Labrando nuestro porvenir

El tren que nos llevaba desde Sverdlovsk hasta Kúibyshev pasaba por Miass, ciudad natal de Inna en la que ella no había estado ya hacía muchos años.

Puesto que la parada en Miass era larga decidimos pasear por las afueras de la estación y respirar el aire puro, engendrado en las cercanas montañas de Ilmén por las purificadoras aguas cristalinas de los lagos Turgoyak y Chebarkul y los esbeltos pinos y abedules del vedado nacional, gratos recuerdos de la niñez de Inna.

Los dos meses que precedieron a nuestra marcha a Kúibyshev fueron inquietos.

Las solicitudes que dirigimos al Comité Central del Komsomol, pidiendo que nos enviasen a trabajar en la construcción de la hidroeléctrica gigante, parecían haber caído en el olvido. Nadie nos contestaba. Insistimos varias veces más hasta que, por fin, alguien accedió a nuestras peticiones.

Ahora quedaba lo principal: aprobar en el amplio consejo familiar nuestra marcha.

Los argumentos que Inna y yo alegábamos justificando nuestra decisión eran comprensibles y todos estaban conformes con ellos. Nadie dudaba de que en aquella gigante obra ambos pudiéramos encontrar un trabajo interesante, desarrollar nuestros conocimientos de la ingeniería y consolidar nuestra situación económica.

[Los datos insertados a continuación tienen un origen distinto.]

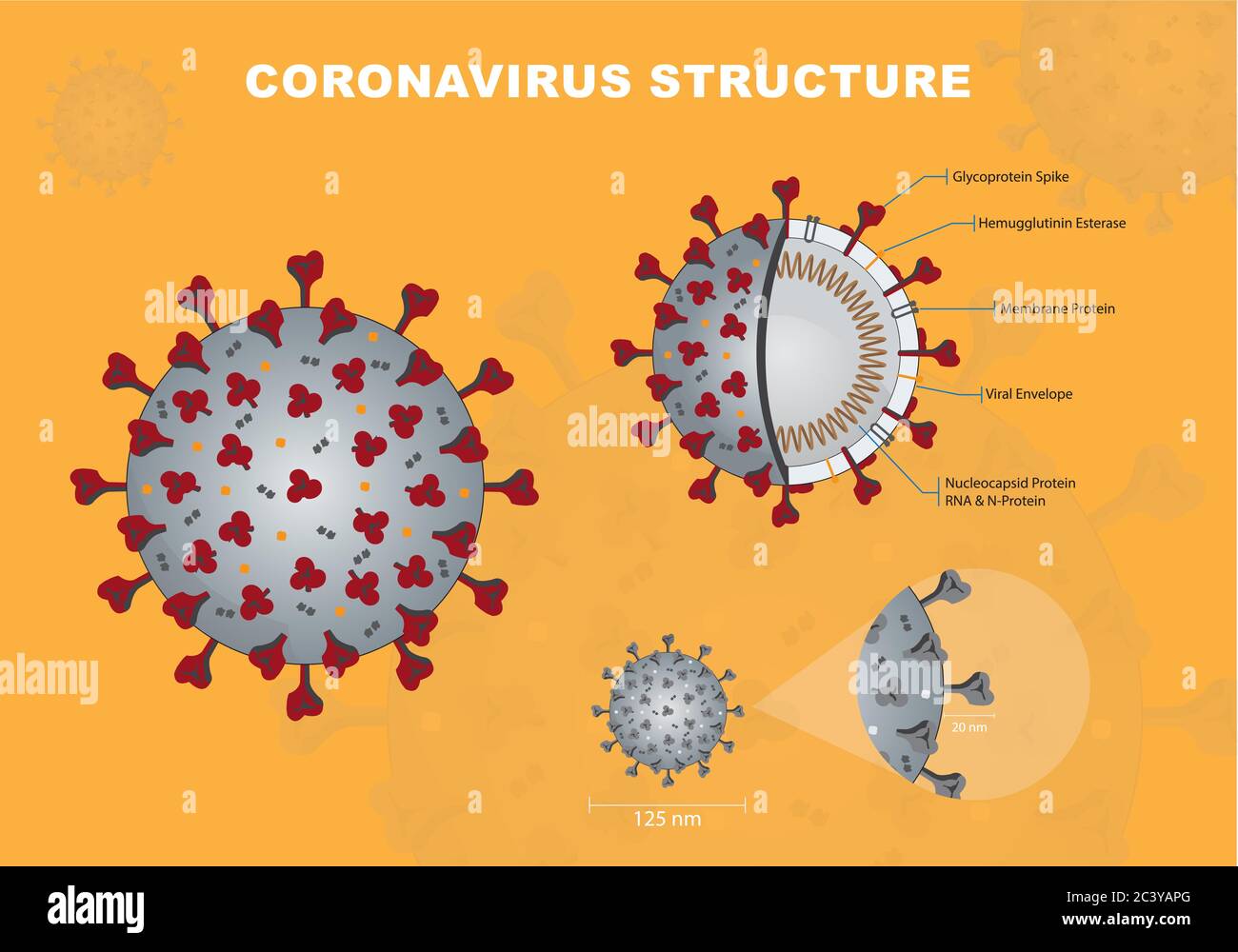 Coronavirus or Covid19 or Sar COV 2 cross section model. Coronavirus - Enveloped virus structure vector illustration graphic Stock Vector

Pero existía una cuestión primordial difícil de resolver: ¿qué hacer con María, que entonces sólo iba a cumplir un año? Llevarla inmediatamente con nosotros era arriesgado, pues sabíamos que en las nuevas obras el problema de la vivienda era difícil de resolver enseguida. Es más, se aproximaba el invierno, y si nosotros dos podíamos vivir el primer año en tiendas de campaña - hasta que se construyesen las primeras casas - era imposible imaginarse a nuestra pequeña criatura en semejantes condiciones.

Además, si ambos íbamos a trabajar ¿quién estaría con Máshenka todo el día?

Descartamos la posibilidad de marchar los tres juntos. Había que dejar por el momento a nuestra pequeñina con los padres de Inna, y contratar a una niñera para que los ayudase. Aunque, desde cualquier punto de vista, esto no era nada fácil.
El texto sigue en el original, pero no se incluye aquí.